Интересно, что откровенный сарказм этого же рода сквозит в "смиренных" репликах Марфы в ссоре с Сусанной ("Мати Сусанна гневом воспылала"), притом, чувствуя фальшь "книжных" слов в данной ситуации, она сознательно пользуется ими для пущей иронии.
Образ человеконенавистницы Сусанны являет собой сгущение всех возможных "теней благочестия" и ярче всего выявляет личное отношение Мусоргского к извращенной - фарисейской религиозности. Истеричная Сусанна - тип, увы, встречающийся в религиозной среде, хотя и мало имеющий отношения к вере как таковой. Композитор разделывается с Сусанной от души: мало того, что он сообщает ей прямо-инфернальную музыкальную характеристику - он еще и вкладывает в уста Досифея словесные формулы экзорцизма, обращенные - неслыханное дело! - к самой Сусанне.

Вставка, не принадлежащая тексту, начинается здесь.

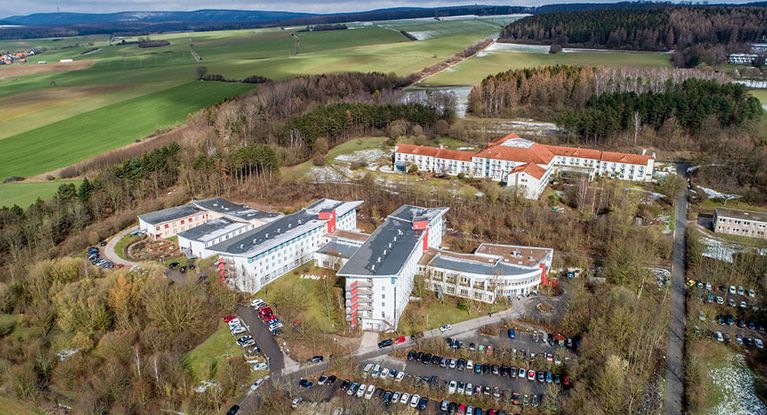 Gebäudeansicht der Deister Weser Kliniken aus der Vogelperspektive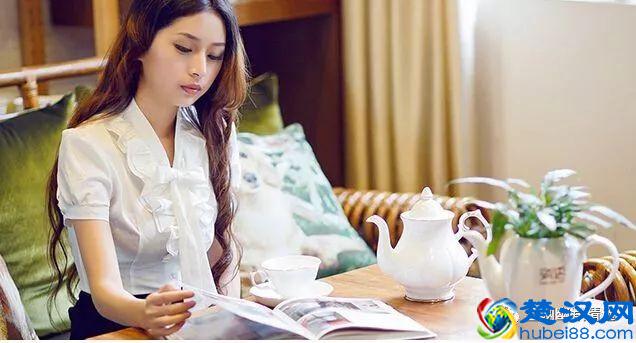 在奶茶店里，我大声问服务员：“小姐，能换首有品位的歌么？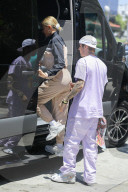 EXKLUSIV - Justin Bieber kneift seiner Hailey in den Po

В столь суровом авторском приговоре Сусанне: "исчадие ада", - трудно не увидеть и прямого сарказма.
Наш анализ будет неполон, если оставим без пристального рассмотрения в контексте идеи "двух ликов Руси" образ Марфы- наделенный предельной психологической убедительностью и в то же время самый загадочный. Марфа причастна миру Древней Руси - своей принадлежностью к раскольникам, степенностью ("обычаем") поведения, которые, однако, все же не достигают высокого досифеевского пафоса, да она к этому и не стремится. Не так уж она соответствует древнерусскому идеалу: насельница скита оказывается страстной женщиной в черной монашеской рясе. При этом она - "плоть от плоти" народа, заставляет вспомнить самые колоритные женские образы русского искусства, от боярыни Морозовой до некрасовских женщин. Марфа - образ глубоко почвенный, на что указывает ее речь - ткань, сотканная из церковно-книжных и народных выражений и крестьянски-напевных интонаций, передавать которые Мусоргский был мастер. Меццо-сопрано Марфы свидетельствует о силе и зрелости, и, думается, это очень по-русски, поскольку "идеальная женственность" в ее русском понимании несет очень много материнских черт (вспомним героинь русских сказок - носительниц исключительной заботливости). Материнское едва ли не господствует в ее облике: напомню об "арии-колыбельной" Голицыну, а по отношению к Андрею у нее - и снисходительное, покрывающее всепрощение, и повелительность, позволяющая ей в итоге вести его на костер. Примечательно: Андрей, вне всякого логического обоснования, именно к Марфе обращается с требованием "вернуть ему Эмму" (ситуация почти архетипическая: ребенок требует игрушку у матери), сам при этом выступая ярчайшим образцом инфантильности. В то же время Марфа по большому счету пассивна, ведома, не может радикально изменить хода действий и принимает судьбу, уготованную ей возлюбленным князем и духовным отцом, и в этой парадоксальном сплаве силы и покорности являет себя подлинной носительницей женского начала - начала прежде всего пассивного, воспринимающего. Марфе присуща и некая зловещая смертоносность (возвещает ссылку Голицыну и приводит Андрея к костру), направляемая в итоге и на самое себя (страстное желание самосожжения). Сгущение всех этих черт придает образу Марфы емкость мифологического архетипа.